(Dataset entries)

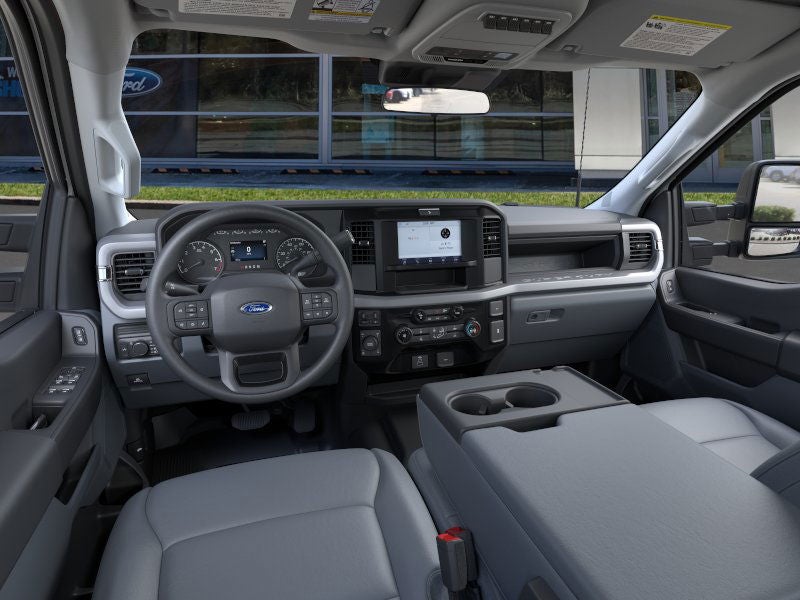 2026 Ford F-250SD XL 4x4 / 6.8L V8 / 8' Bed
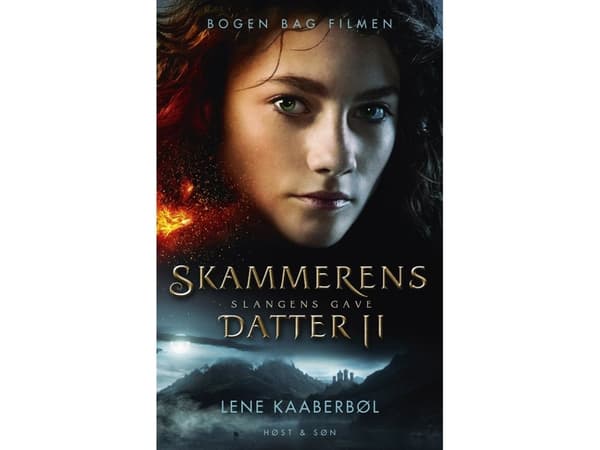 Häpeän tytär II - elokuvaversio | Lene Kaaberbøl | Kieli: Tanska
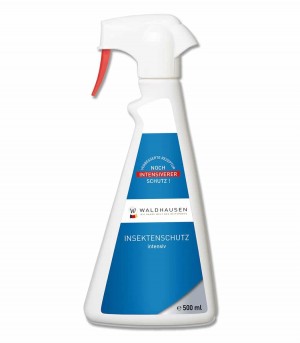 Waldhausen Intensive repelent, 500 ml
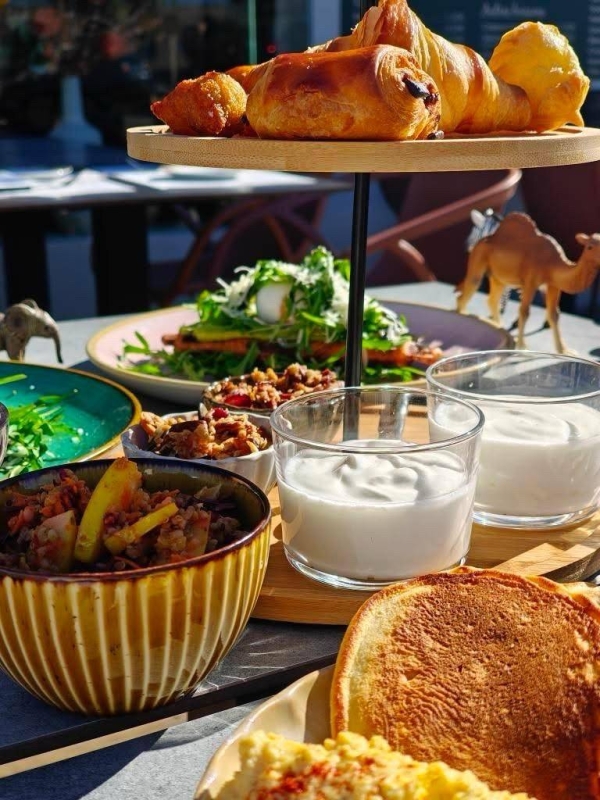 évènements - Le Coin Des Gourmands - restaurant ALERIA - Restaurant Moriani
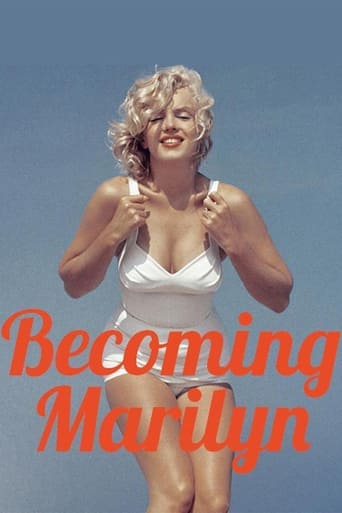 Watch Becoming Marilyn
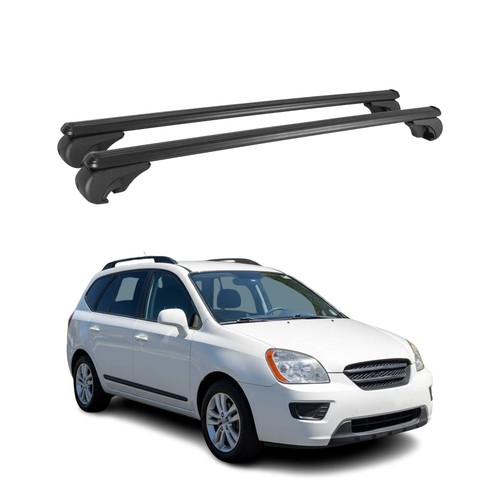 Barres toit transversales - de,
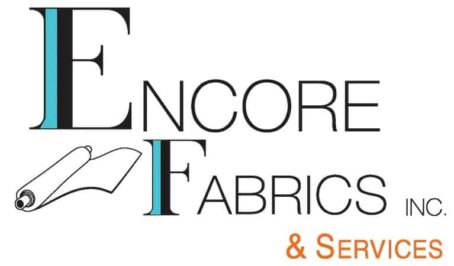 Encore Fabrics logo
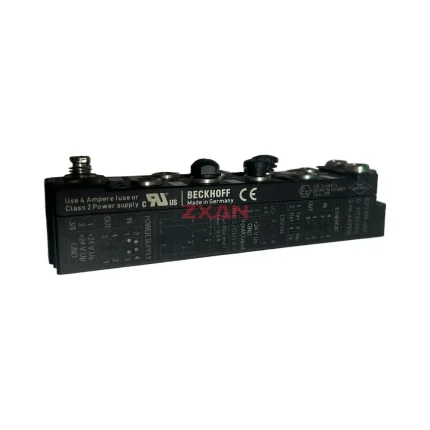 Beckhoff EP2318-0001 EtherCAT Box Digital Input/Output Module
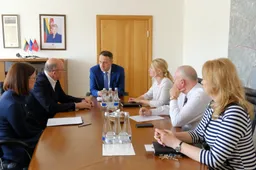 Alytaus kolegijoje norima vystyti bakalauro ir magistro studijų programas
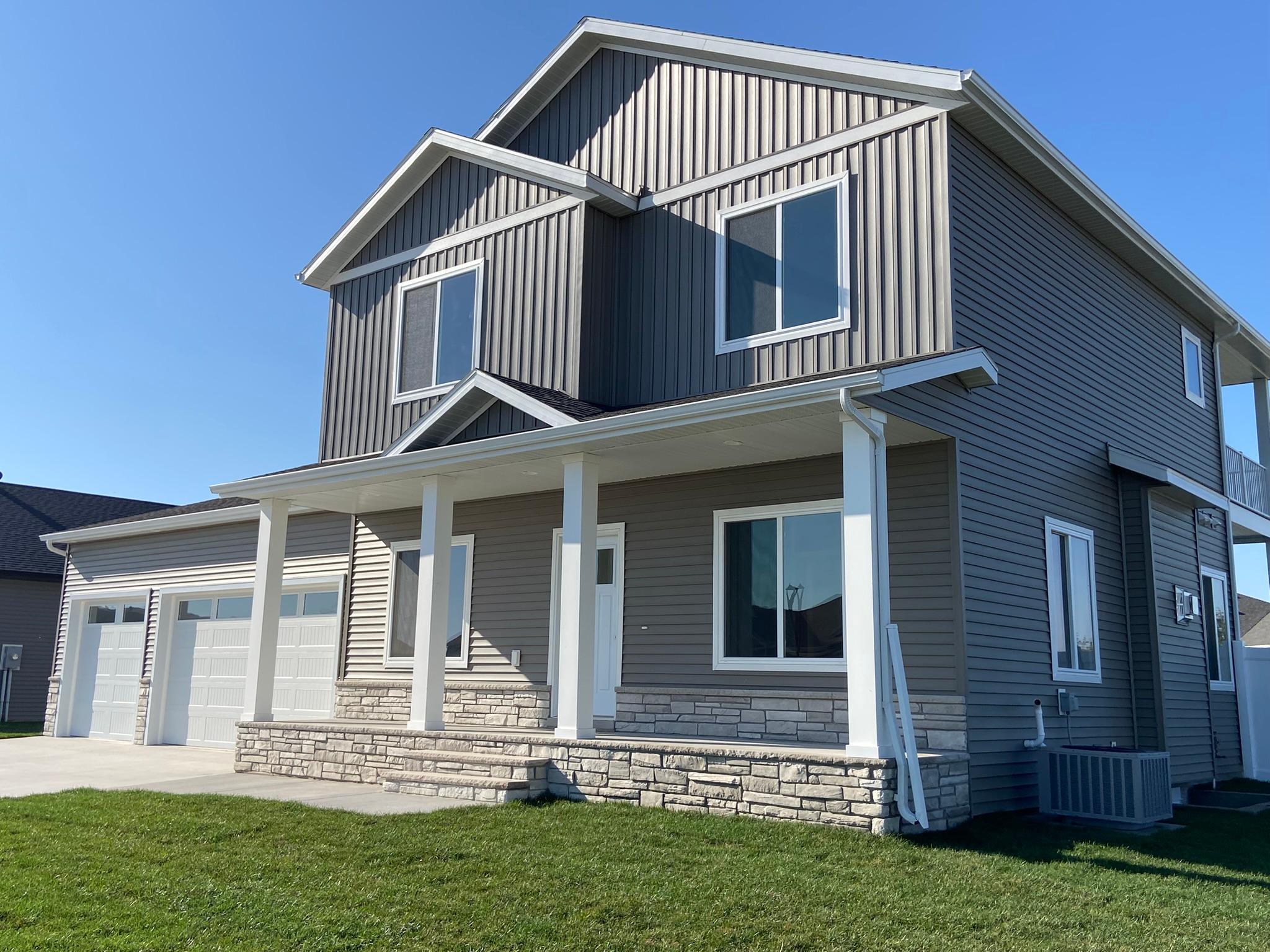 110 19th Street Northeast Barnesville, MN 56514 - Photo 3 of 53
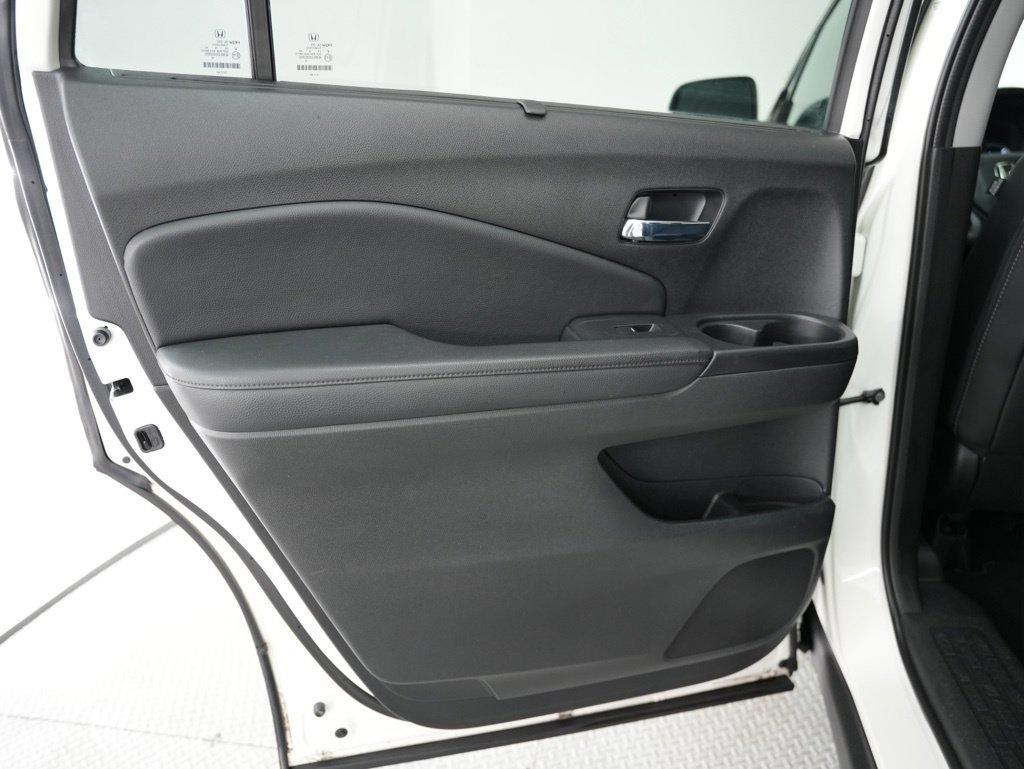 Honda Pilot EX-L 2WD 2019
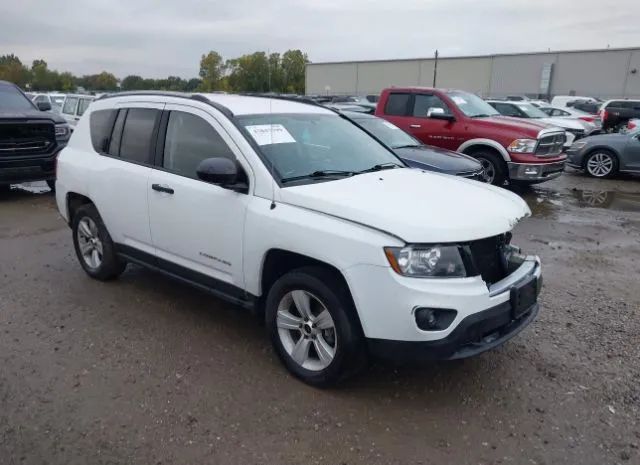 JEEP COMPASS 2016 1c4njdbb6gd632223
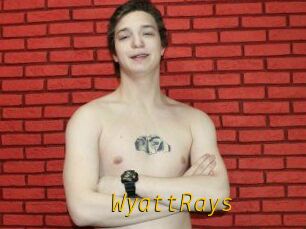 WyattRays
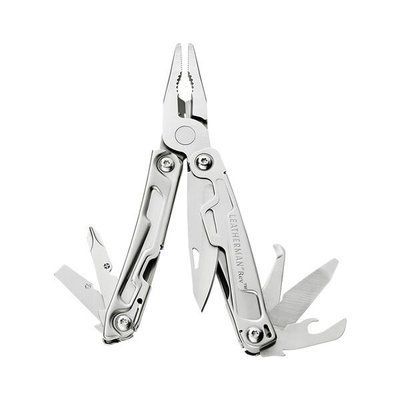 Мультитул Leatherman Rev (832136) 110179 фото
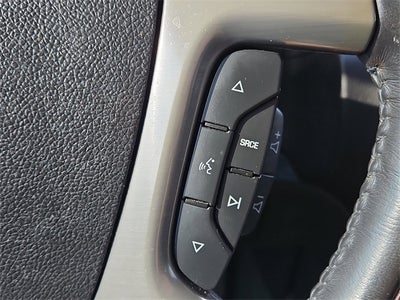 2008 GMC Yukon Denali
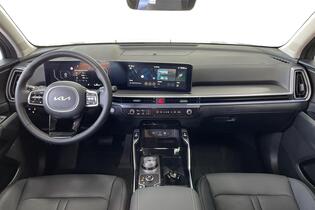 Kia Sorento vaihtoauto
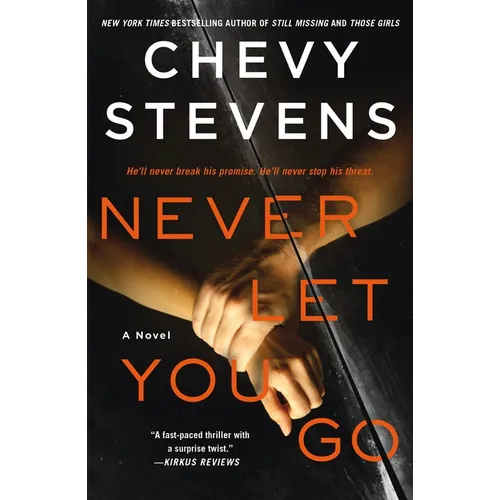 Never Let You Go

• _INSTRUCTIONS TO FOLLOW_
Nothing but the lines from the one containing "Alytaus kolegijoje norima" through the last line of the records should appear in the copy, exactly as written and without pictures.

• _EXERCISE RESULT_
 Alytaus kolegijoje norima vystyti bakalauro ir magistro studijų programas
 110 19th Street Northeast Barnesville, MN 56514 - Photo 3 of 53
 Honda Pilot EX-L 2WD 2019
 JEEP COMPASS 2016 1c4njdbb6gd632223
 WyattRays
 Мультитул Leatherman Rev (832136) 110179 фото
 2008 GMC Yukon Denali
 Kia Sorento vaihtoauto
 Never Let You Go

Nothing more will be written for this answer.